In our previous clinicopathologic characterization of c9FTD/ALS, we reported that HpScl was common in c9FTLD-TDP (12 of 15), and some patients in this series also presented with amnestic dementia that led to clinical consideration of AD [31]. A large series of familial late-onset clinical AD patients screened for mutations in C9ORF72 found 6 of 771 patients with mutations [25]. Postmortem analysis of two patients showed pathology consistent with FTLD, with inconsistent concurrent Alzheimer type neuropathology. There is no mention in this report about whether the two patients with C9ORF72 mutations and Alzheimer-like clinical presentation had HpScl. The reported frequency of 0.8 % clinical AD patients with C9ORF72 mutations was consistent with a recent report on a clinical AD patient series from our group, which found 0.9 % of AD patients with an expansion mutation [39]. The frequency of C9ORF72 in our pathologically confirmed HpScl series is 3.0 % if all cases are considered and 4.5 % if only TDP-43 positive cases are included.

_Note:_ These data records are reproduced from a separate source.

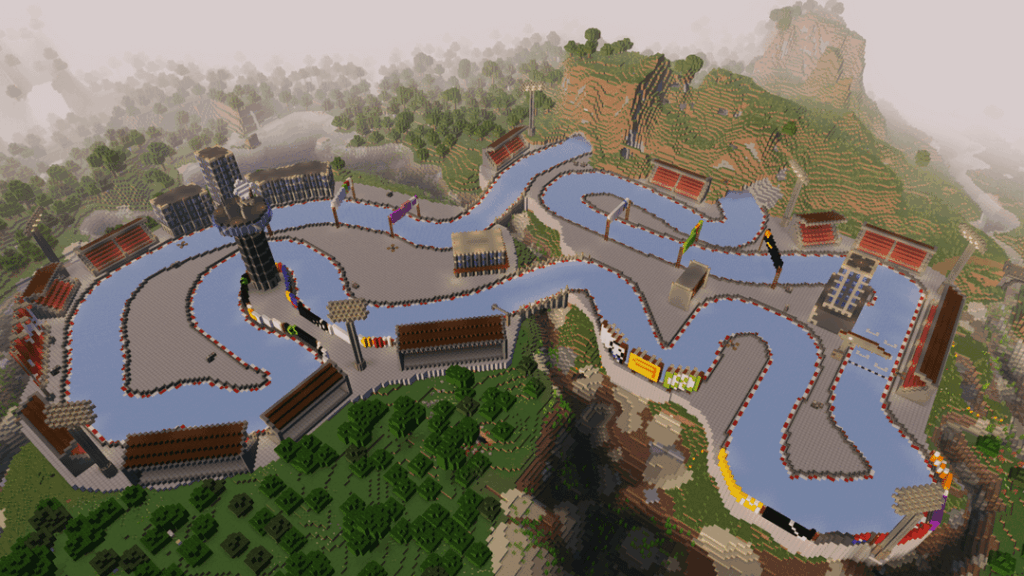 サバイバルでレッドストーンタイマーを使ってアイスボートレーシングトラックを建設しました！ (0.1秒までの精度)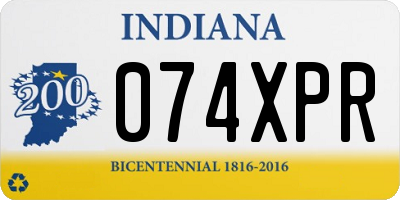 IN license plate 074XPR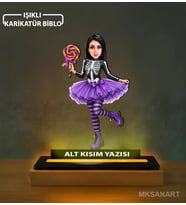 Kişiye Özel Mor Tütülü Şekerli İskelet Karikatürlü 14 cm MDF Işıklı Biblo - Kişiye Özel Hediye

The pathogenesis of HpScl in our patient is unknown, but most evidence favors a neurodegenerative disease process. He had no history of seizures. He had coronary artery disease and a four-vessel coronary artery bypass graft, but there was no history of acute peri-operative cognitive deficits after surgery. The presence of TDP-43 and p62 NCIs and dystrophic neurites in the hippocampus and to a lesser extent in other brain regions supports a neurodegenerative origin for HpScl. It is of some interest that microvascular TDP-43-related pathology was also present [21]. The significance of TDP-43 inclusions in astrocytic end-feet of microvessels remains to be determined; however, we speculate that this pathology may compromise microvascular function and contribute to neuronal loss in regions known to be vulnerable to hypoxic–ischemic injury.

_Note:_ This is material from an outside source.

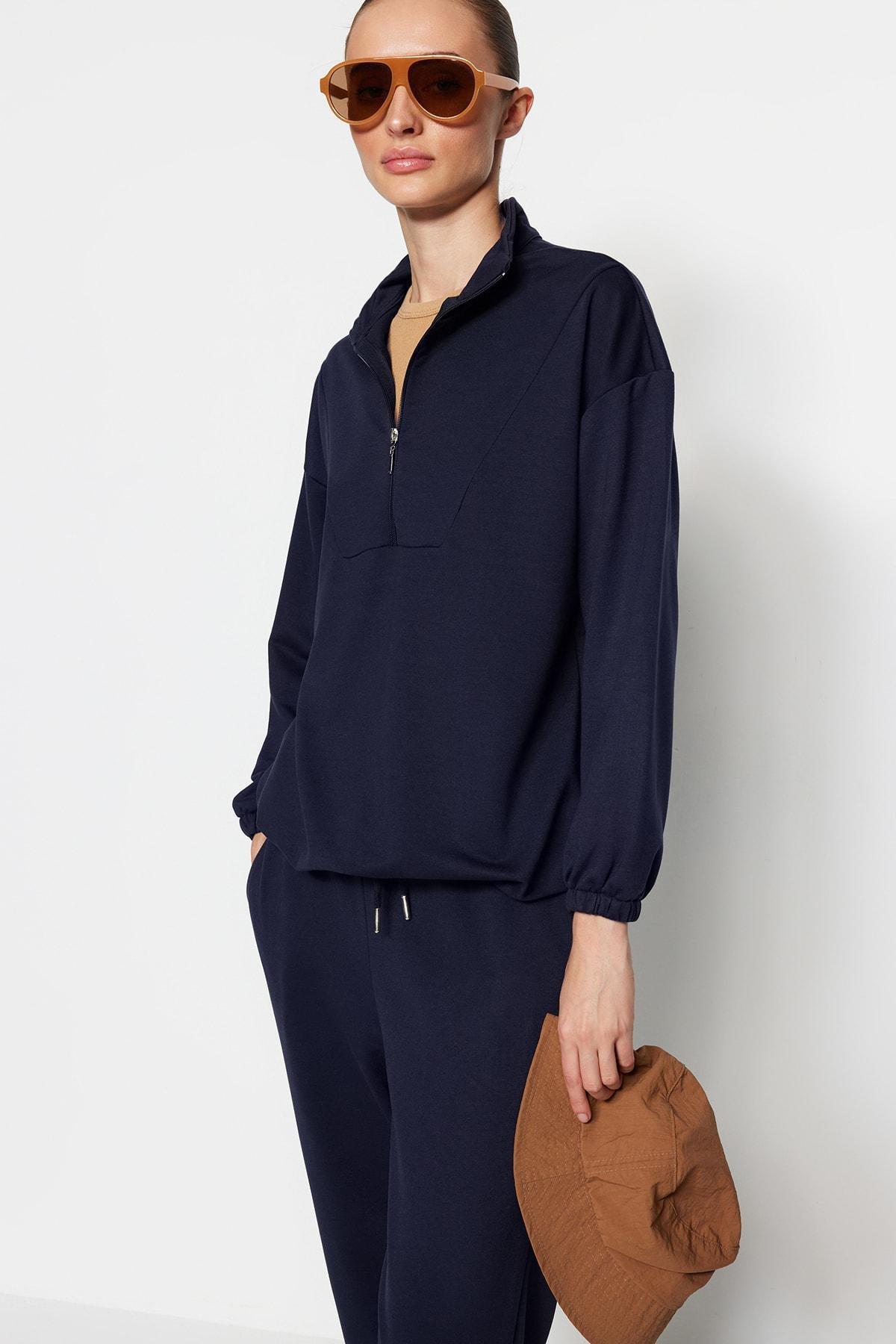 Navy Relaxed Sweatsuit Set, , large image number 1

This case adds increasing evidence that the clinical and pathologic spectrum of disorders associated with mutations in C9ORF72 is wider than merely FTD and ALS. Screening for mutations in C9ORF72 should be considered in patients with slowly progressive amnestic dementia who have a positive family history, especially if other biomarkers (e.g., apolipoprotein E genotype, neuroimaging, or cerebrospinal fluid analyses) do not support a diagnosis of AD [26]. Further studies are needed to identify the underlying molecular mechanisms responsible for the clinical and pathologic heterogeneity of c9FTLD/ALS.